Multicluster-Controller
Multicluster-controller is a Go library for building Kubernetes controllers that need to watch resources in multiple clusters. It uses the best parts of controller-runtime (the library powering kubebuilder and now operator-sdk) and replaces its API (the manager
, controller
, reconcile
, and handler
packages) to support multicluster operations.

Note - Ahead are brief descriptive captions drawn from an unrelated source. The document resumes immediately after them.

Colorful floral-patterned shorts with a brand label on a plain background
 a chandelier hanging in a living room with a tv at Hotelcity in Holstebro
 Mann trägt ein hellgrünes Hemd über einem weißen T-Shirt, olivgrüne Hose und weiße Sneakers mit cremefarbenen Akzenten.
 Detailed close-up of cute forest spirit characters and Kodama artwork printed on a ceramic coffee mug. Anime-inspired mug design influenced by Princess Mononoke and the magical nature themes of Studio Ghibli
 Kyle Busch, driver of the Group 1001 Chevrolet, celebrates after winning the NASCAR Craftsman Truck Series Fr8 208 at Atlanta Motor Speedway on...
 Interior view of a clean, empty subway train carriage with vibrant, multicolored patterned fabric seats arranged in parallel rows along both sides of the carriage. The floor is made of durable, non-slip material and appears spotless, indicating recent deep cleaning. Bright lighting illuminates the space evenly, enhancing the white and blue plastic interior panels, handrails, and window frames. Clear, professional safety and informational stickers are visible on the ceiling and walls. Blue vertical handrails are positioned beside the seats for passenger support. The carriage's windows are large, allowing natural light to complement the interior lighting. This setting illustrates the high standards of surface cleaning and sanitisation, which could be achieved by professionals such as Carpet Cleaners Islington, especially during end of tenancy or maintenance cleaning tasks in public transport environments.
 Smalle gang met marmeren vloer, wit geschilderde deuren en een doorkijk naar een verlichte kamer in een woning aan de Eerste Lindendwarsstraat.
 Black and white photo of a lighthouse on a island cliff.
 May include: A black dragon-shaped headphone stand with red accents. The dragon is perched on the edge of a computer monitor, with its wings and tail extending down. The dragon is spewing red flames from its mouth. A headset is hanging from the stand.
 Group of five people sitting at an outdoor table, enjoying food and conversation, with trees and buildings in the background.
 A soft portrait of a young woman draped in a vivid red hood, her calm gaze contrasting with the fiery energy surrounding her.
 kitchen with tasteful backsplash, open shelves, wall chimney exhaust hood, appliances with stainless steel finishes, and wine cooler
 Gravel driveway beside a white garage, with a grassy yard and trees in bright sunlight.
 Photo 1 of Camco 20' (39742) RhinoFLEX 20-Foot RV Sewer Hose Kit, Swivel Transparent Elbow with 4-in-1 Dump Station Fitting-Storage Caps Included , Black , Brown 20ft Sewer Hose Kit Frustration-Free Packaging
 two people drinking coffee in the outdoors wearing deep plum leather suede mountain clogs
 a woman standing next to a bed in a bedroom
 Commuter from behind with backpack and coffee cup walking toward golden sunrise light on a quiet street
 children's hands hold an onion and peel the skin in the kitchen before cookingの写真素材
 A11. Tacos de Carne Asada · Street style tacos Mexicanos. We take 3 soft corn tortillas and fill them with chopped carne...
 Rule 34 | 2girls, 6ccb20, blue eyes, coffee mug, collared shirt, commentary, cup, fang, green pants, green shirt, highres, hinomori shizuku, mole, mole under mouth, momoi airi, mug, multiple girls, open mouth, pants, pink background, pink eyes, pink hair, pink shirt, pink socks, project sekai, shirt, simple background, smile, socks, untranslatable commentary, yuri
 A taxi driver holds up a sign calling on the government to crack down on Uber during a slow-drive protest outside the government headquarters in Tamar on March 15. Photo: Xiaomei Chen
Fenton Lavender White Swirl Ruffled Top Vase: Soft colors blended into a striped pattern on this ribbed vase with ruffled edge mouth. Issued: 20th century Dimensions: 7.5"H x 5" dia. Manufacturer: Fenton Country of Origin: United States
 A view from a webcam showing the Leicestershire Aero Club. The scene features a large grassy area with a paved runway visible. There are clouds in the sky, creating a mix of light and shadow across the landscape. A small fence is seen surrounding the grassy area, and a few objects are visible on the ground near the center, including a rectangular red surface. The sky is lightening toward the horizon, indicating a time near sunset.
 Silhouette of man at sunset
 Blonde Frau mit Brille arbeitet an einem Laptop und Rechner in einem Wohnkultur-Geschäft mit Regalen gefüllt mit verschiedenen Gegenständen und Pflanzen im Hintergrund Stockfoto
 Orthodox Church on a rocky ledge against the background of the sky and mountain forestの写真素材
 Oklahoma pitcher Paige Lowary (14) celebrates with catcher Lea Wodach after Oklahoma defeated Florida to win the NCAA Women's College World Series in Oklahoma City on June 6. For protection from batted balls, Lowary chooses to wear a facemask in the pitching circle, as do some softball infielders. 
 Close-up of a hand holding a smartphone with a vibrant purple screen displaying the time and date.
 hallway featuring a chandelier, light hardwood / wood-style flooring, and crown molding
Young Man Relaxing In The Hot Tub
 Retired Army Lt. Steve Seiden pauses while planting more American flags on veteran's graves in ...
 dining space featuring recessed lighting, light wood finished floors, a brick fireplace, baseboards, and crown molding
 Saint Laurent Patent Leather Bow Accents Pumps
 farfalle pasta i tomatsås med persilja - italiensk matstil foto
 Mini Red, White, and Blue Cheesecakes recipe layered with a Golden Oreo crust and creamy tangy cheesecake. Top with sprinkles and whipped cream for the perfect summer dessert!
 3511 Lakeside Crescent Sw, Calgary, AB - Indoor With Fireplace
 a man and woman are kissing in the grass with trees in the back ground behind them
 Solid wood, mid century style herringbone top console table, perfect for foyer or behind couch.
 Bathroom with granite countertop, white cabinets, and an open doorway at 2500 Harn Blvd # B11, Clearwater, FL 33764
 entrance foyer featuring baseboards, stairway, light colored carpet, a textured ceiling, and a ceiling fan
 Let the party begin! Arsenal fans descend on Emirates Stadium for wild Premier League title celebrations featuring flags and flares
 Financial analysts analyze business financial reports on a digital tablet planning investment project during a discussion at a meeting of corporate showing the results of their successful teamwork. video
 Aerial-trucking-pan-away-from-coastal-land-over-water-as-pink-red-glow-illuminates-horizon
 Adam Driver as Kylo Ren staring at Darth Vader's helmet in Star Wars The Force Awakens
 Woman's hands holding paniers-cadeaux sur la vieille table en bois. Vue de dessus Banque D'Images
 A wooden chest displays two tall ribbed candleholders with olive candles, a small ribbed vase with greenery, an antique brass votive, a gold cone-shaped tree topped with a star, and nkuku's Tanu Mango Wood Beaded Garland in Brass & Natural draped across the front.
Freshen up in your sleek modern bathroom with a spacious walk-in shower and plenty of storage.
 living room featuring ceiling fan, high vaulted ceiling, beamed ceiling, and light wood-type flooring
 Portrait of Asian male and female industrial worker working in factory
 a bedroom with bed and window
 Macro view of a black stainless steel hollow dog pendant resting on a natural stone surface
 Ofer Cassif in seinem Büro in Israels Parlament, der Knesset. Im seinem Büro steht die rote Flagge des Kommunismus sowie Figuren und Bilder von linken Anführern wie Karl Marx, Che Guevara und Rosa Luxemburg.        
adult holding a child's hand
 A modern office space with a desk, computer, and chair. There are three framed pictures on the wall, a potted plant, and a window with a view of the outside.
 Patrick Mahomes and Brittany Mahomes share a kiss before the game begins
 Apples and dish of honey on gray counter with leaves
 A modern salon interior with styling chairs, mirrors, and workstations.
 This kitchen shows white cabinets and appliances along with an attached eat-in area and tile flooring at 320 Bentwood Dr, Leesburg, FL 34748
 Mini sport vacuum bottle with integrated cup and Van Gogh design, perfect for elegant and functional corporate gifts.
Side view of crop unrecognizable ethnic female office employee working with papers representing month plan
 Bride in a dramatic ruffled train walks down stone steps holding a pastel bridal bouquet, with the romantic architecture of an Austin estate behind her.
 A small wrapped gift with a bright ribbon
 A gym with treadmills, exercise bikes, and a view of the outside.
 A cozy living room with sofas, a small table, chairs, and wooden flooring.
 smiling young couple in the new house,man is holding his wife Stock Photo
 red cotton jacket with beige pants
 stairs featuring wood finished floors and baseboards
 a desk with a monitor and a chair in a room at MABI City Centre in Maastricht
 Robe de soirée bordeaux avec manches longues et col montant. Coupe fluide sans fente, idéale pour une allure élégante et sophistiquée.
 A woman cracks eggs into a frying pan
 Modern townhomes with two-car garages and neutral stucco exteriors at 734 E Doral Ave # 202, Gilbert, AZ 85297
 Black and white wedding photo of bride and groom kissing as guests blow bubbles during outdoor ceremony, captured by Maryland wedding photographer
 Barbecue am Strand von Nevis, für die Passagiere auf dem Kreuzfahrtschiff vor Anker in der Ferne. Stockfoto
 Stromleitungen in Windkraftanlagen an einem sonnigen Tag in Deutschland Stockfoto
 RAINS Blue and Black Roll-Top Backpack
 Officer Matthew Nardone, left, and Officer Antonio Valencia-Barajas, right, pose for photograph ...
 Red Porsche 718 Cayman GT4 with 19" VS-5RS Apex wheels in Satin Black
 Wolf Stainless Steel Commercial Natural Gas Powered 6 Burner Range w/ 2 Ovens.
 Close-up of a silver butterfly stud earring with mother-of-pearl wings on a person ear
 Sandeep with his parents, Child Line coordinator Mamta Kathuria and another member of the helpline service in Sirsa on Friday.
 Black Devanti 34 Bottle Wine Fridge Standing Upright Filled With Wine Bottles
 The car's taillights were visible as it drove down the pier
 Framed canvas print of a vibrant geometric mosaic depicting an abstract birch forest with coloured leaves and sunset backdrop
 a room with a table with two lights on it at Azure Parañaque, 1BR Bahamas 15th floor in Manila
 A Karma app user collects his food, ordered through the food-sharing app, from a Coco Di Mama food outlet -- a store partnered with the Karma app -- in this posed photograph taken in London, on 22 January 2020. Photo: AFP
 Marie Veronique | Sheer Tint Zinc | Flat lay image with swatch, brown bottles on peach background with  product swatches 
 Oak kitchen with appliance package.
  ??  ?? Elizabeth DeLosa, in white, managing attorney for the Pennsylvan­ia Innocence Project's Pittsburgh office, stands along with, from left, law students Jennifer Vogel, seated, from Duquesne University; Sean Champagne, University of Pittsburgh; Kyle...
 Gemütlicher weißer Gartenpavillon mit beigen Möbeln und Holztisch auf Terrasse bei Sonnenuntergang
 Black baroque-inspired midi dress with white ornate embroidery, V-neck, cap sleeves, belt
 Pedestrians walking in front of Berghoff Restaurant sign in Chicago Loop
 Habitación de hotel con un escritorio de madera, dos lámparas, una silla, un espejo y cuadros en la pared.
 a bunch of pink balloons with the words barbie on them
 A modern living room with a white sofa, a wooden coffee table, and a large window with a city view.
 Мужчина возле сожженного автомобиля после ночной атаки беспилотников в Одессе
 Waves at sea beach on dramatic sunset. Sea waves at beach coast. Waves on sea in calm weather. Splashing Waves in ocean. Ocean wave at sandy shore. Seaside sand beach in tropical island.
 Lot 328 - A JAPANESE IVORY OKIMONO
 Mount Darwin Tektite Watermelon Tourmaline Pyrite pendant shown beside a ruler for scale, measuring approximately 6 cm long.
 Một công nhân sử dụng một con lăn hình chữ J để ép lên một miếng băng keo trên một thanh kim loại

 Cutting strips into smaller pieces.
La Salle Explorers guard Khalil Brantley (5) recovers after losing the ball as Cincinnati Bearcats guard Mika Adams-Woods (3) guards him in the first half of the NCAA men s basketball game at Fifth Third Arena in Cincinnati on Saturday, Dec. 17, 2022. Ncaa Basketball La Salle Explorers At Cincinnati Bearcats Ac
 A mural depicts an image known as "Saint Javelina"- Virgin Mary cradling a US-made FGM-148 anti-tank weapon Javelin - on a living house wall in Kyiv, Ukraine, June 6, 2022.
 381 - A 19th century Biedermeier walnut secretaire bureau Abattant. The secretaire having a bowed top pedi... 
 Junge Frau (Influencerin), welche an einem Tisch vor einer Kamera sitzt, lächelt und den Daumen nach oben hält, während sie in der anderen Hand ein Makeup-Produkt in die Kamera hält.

Why? Check out Admiralty's blog post introducing multicluster-controller.
Table of Contents
How it Works
Here is a minimal multicluster controller that watches pods in two clusters. On pod events, it simply logs the pod's cluster name, namespace, and name. In a way, the only thing controlled by this controller is the standard output, but it illustrates a basic scaffold:
package main
import (
"log"
"admiralty.io/multicluster-controller/pkg/cluster"
"admiralty.io/multicluster-controller/pkg/controller"
"admiralty.io/multicluster-controller/pkg/manager"
"admiralty.io/multicluster-controller/pkg/reconcile"
"k8s.io/api/core/v1"
"k8s.io/sample-controller/pkg/signals"
)
func main() {
co := controller.New(&reconciler{}, controller.Options{})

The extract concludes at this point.